The episode received critical acclaim, with critics praising the performances, intrigue, directing and cliffhanger. At the 77th Primetime Creative Arts Emmy Awards, Merritt Wever received the award for Outstanding Guest Actress in a Drama Series for her performance as Gretchen George.

==Plot==
Cobel (Patricia Arquette), having driven off in a rage after being confronted by Mark, (Note: As seen in "Goodbye, Mrs. Selvig".) spends the night in her car near a country road. The next morning, she drives until reaching a sign for an area called Salt's Neck, before deciding to turn back. Mark (Adam Scott) times his entrance to Lumon.

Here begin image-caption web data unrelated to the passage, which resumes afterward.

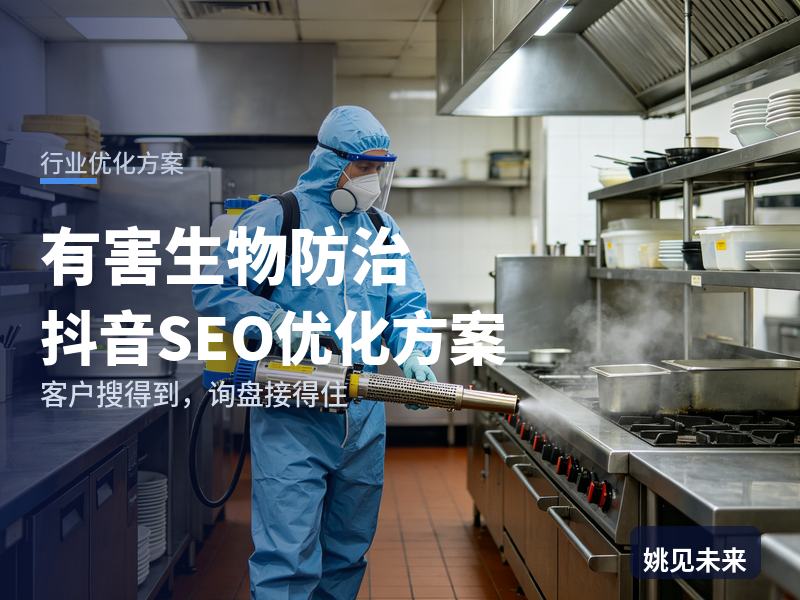 有害生物防治行业抖音SEO优化方案：小区物业搜“消杀除四害”，为什么刷不到你
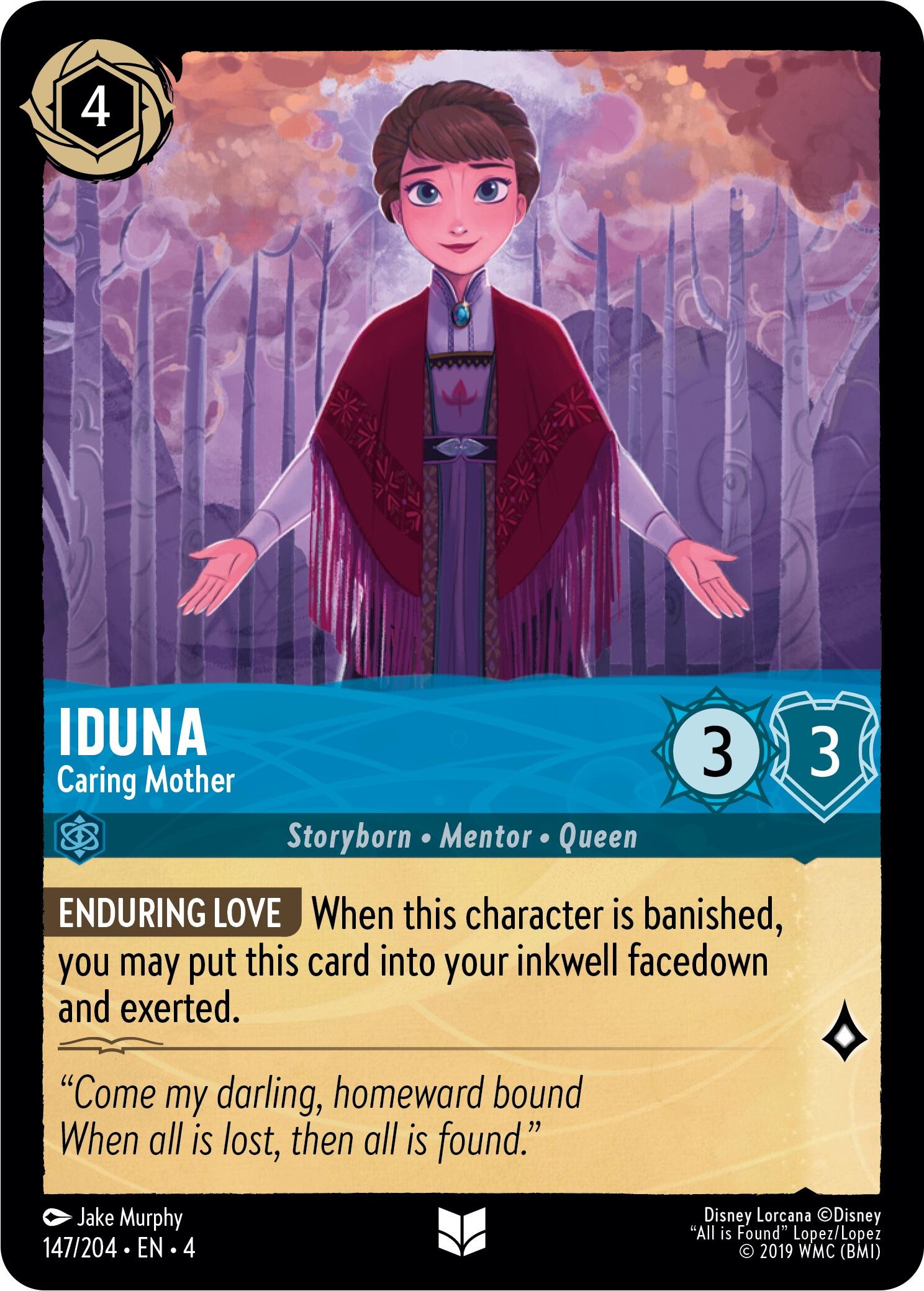 Iduna - Caring Mother (147/204) [Ursula's Return] | Shuffle n Cut Hobbies & Games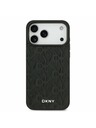 DKNY DKNY PU Leather Grid Pattern Magsafe Zadný Kryt pre iPhone 17 Pro Max Black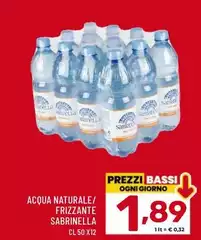 Sabrinella - Acqua Naturale/ Frizzante
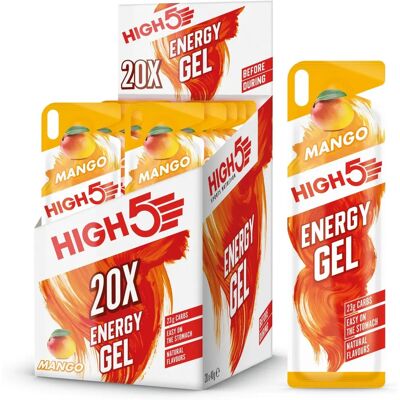 HIGH5 Gel Énergétique - Saveurs de Fruits Légères - Gel - Publicité HIGH5 Gel Énergétique - Saveurs de Fruits Légères - Gel - Publicité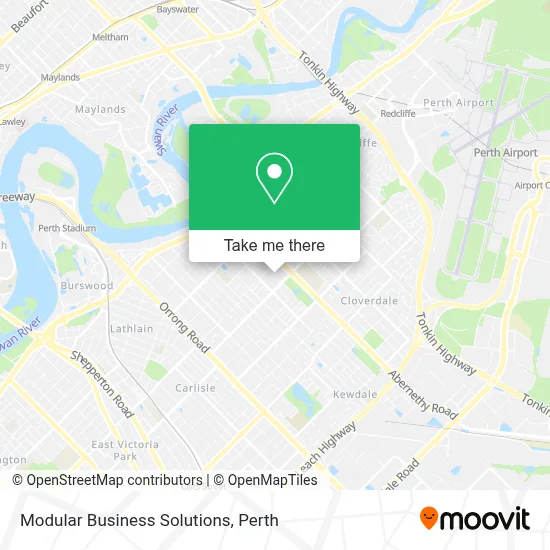 Modular Business Solutions map
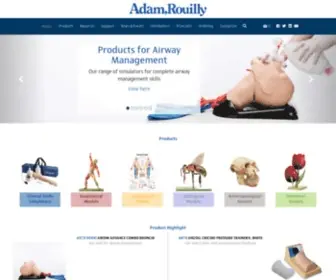 Adam-Rouilly.co.uk(Clinical Skills Simulators) Screenshot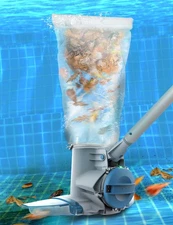 Rechargeable Heavy Duty Pool Leaf Vacuum Cleaner, Commercial Power Suction fo...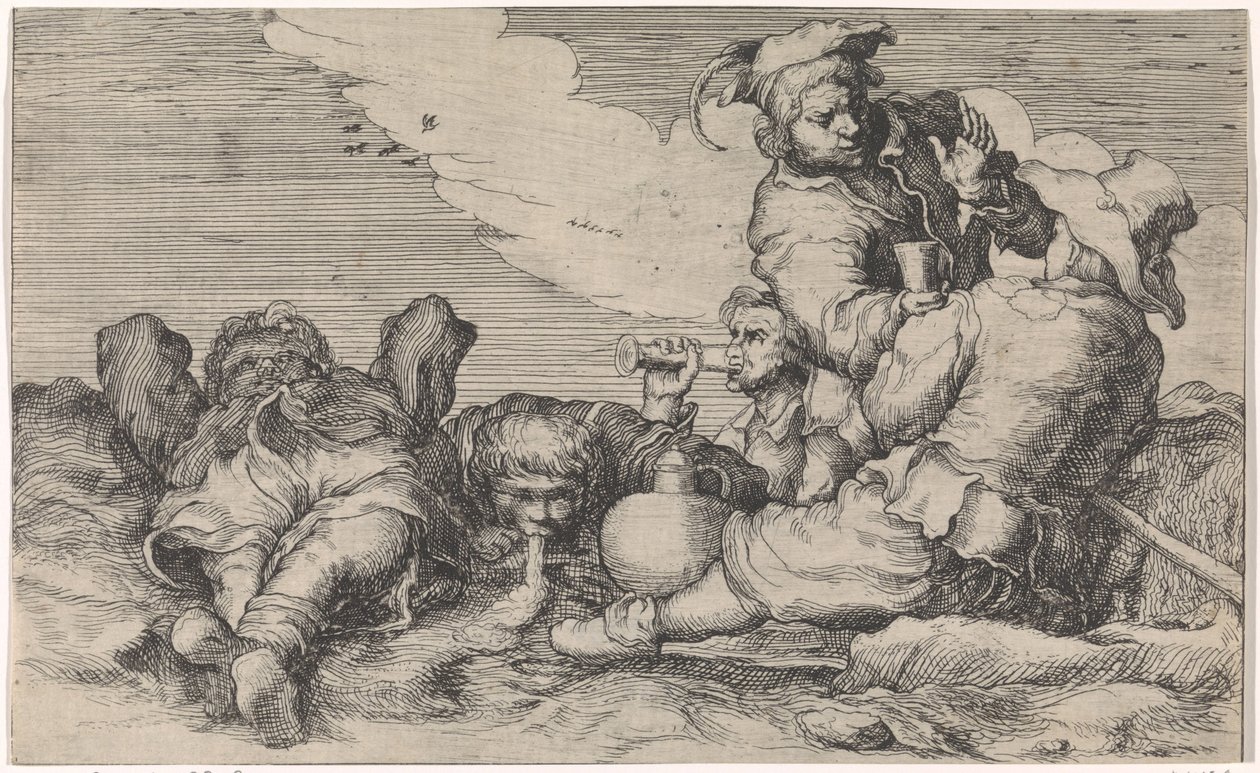 Öt ivó testvér alkotó: Johann Liss (attributed to)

At MDR, Mark prints missing-persons posters of Ms. Casey (Dichen Lachman) to hand out around the severed floor. He and Helly (Britt Lower) decide to take the posters to the mysterious "goat department" they previously stumbled upon. (Note: As seen in "The Grim Barbarity of Optics and Design".) Irving resolves to bring the posters to O&D; he tries getting a reticent Dylan to join him, revealing he made sketches of his outie's paintings of the testing-floor hallway. (Note: As seen in "What's for Dinner?".) Their discussion is interrupted by Miss Huang (Sarah Bock), who escorts Dylan to the security room, which has since been converted into an outie family visitation suite. (Note: As glimpsed in "Hello, Ms. Cobel".) Dylan is granted a supervised 18-minute visitation with his outie's wife, Gretchen (Merritt Wever), who shows Dylan a photo of his three children. Dylan learns that his outie has had trouble finding other jobs and is lacking direction in life.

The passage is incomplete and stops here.